= Eurymedon (strategos) =

Athenian general (died 413 BC)

Eurymedon (/jʊəˈrɪmᵻdɒn/; Εὐρυμέδων; died 413 BC) was one of the Athenian generals (strategoi) during the Peloponnesian War.

==Biography==
In 428 BC, he was sent by the Athenians to intercept the Peloponnesian fleet, which was on its way to attack Corcyra. On his arrival, finding that Nicostratus, with a small squadron from Naupactus, had already secured the island on behalf of Athens, he took command of the combined fleet. Owing to the absence of the Peloponnesians, Eurymedon had no chance to distinguish himself.

In the following summer, in joint command of the Athenian land forces, he ravaged the district of Tanagra. In 425 BC, he was appointed, with Sophocles, the son of Sostratides, to the command of an expedition destined for Sicily. He stopped at Corcyra on the way, in order to assist the democratic party against the oligarchical exiles. However, Eurymedon took no steps to prevent the massacre of the oligarchical exiles. Afterwards, Eurymedon proceeded to Sicily.

Immediately after his arrival in Sicily a pact was proposed by the Syracusan general, Hermocrates, to which Eurymedon and Sophocles were induced to agree.
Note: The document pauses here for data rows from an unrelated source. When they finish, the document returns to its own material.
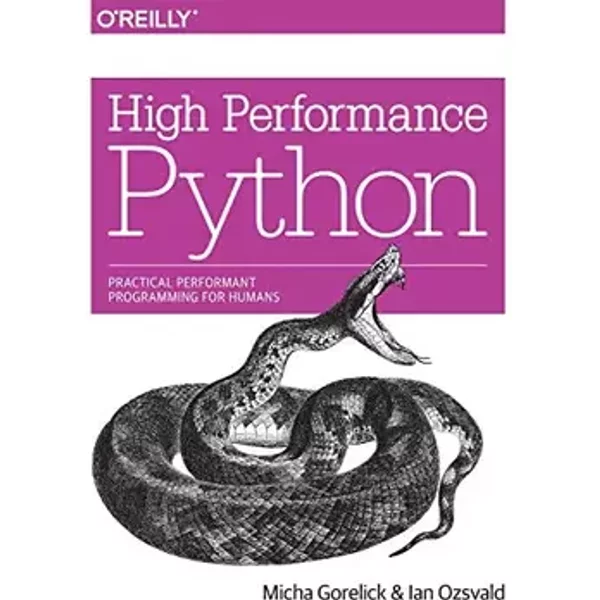 High Performance Python - Micha Gorelick, Ian Ozsvald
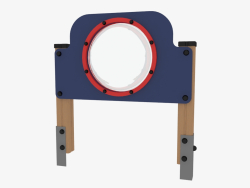Game Panel Porthole (4025)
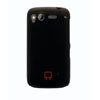 Venom Armour Shell Case For HTC Desire S - Black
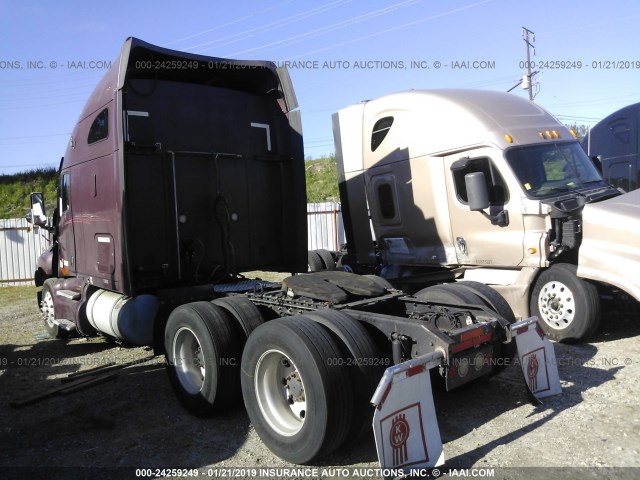 1XKTDU9XX9J236580 - 2009 KENWORTH T2000 T2000 Unknown photo 3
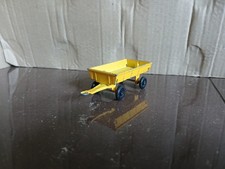 Lesney Matchbox Series Hay Trailer Diecast #231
The terms of the pact did not, however, satisfy the Athenians, who blamed its conclusion on bribery. As a result, two of the chief agents in the negotiations were banished, while Eurymedon was sentenced to pay a heavy fine.

In 413 BC Eurymedon, who had been sent with Demosthenes to reinforce the Athenians at the siege of Syracuse, was defeated and slain before reaching land (Thucydides iii., iv., vii.; Diodorus Siculus xiii. 8, 11, 13).